## What you will do:
Please, without any pictures, transcribe the lines from the one holding "Antique French Religious" to the end of the listing, both ends included.
Start of Given records
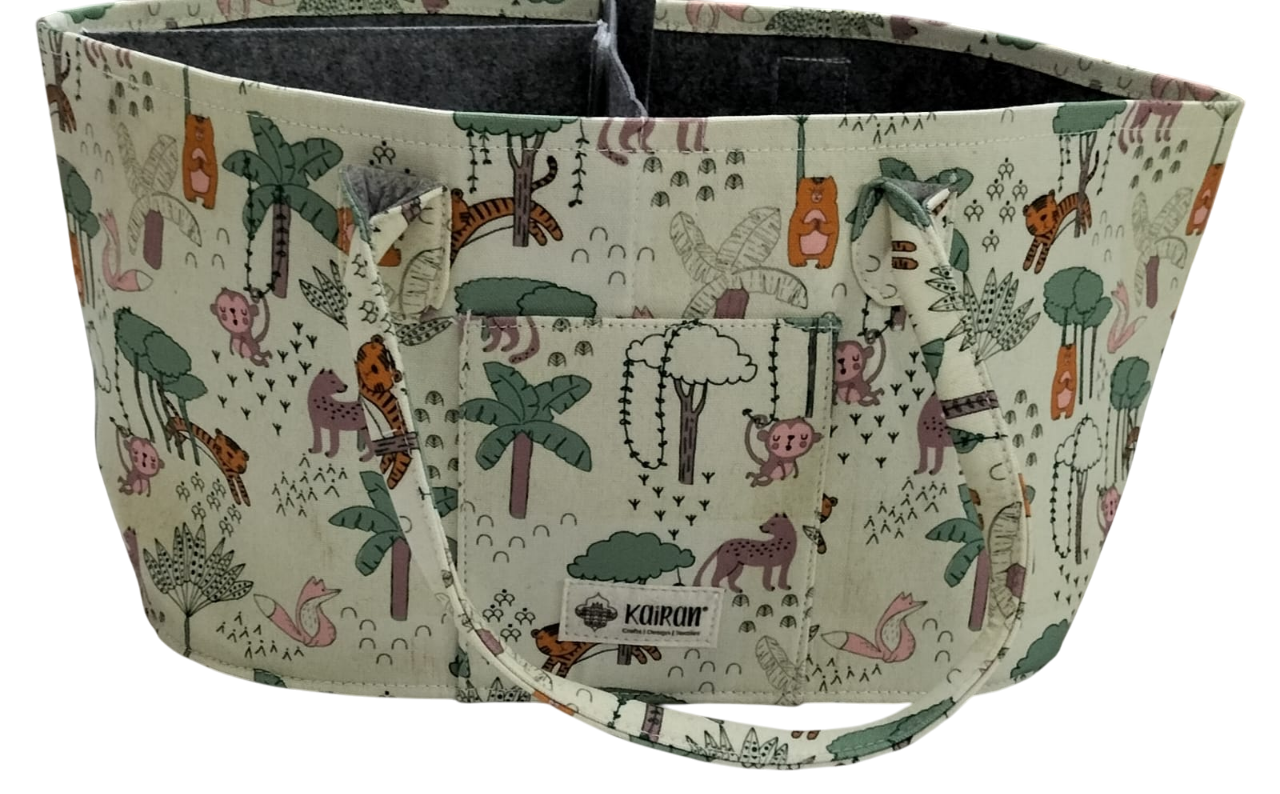 Oval Diaper Caddy Jungle Book Print Personalised Bag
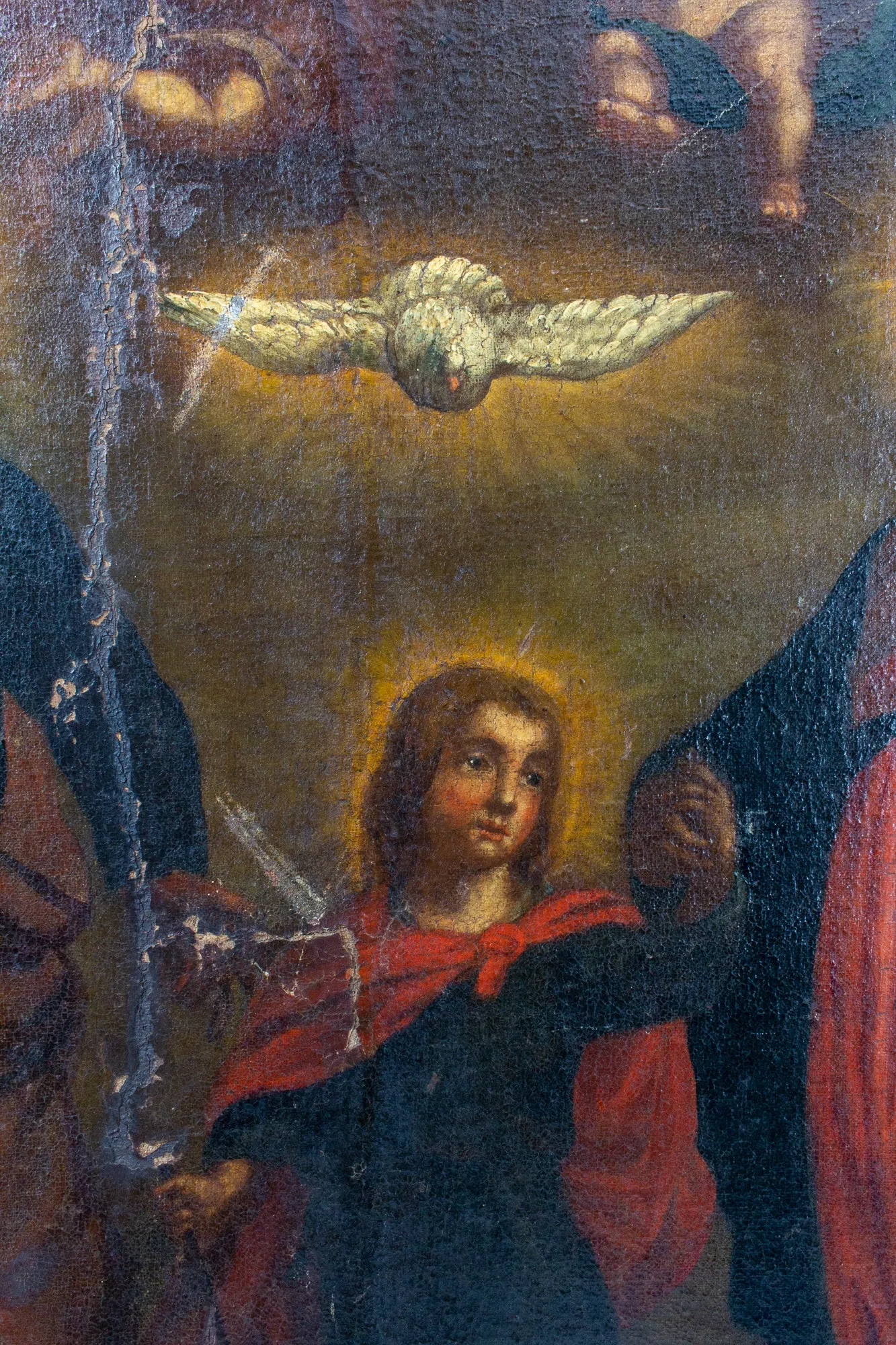 Antique French Religious Oil Painting - Unframed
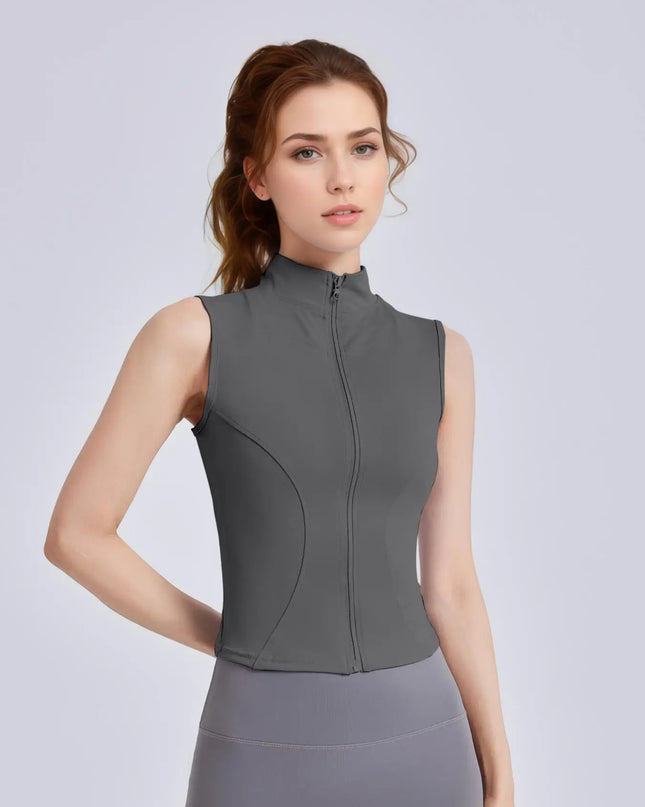 Women's Sleeveless Sports Vest with Thumb Hole Design and Zip-Up Closure
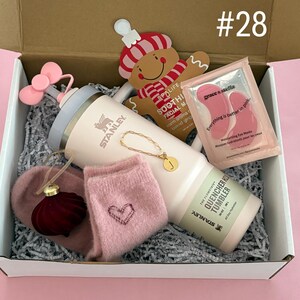Pink Heart Christmas Spa Gift Set 
30 oz Rose Quartz Stanley
Straw Topper
Initial Tumbler Handle Charm
Xmas Face Mask
Eye Mask
Fuzzy Heart Socks
Red Velvet Ornament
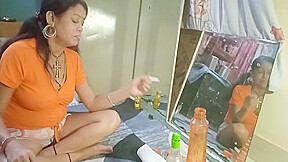 College student 18+ Fore Play Her Hot Pussycat, Boobs,,clit,nippal With Smoke Cigarette And Drink Alcohol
End of Given records
## Your solution:
 Antique French Religious Oil Painting - Unframed
 Women's Sleeveless Sports Vest with Thumb Hole Design and Zip-Up Closure
Pink Heart Christmas Spa Gift Set 
30 oz Rose Quartz Stanley
Straw Topper
Initial Tumbler Handle Charm
Xmas Face Mask
Eye Mask
Fuzzy Heart Socks
Red Velvet Ornament
 College student 18+ Fore Play Her Hot Pussycat, Boobs,,clit,nippal With Smoke Cigarette And Drink Alcohol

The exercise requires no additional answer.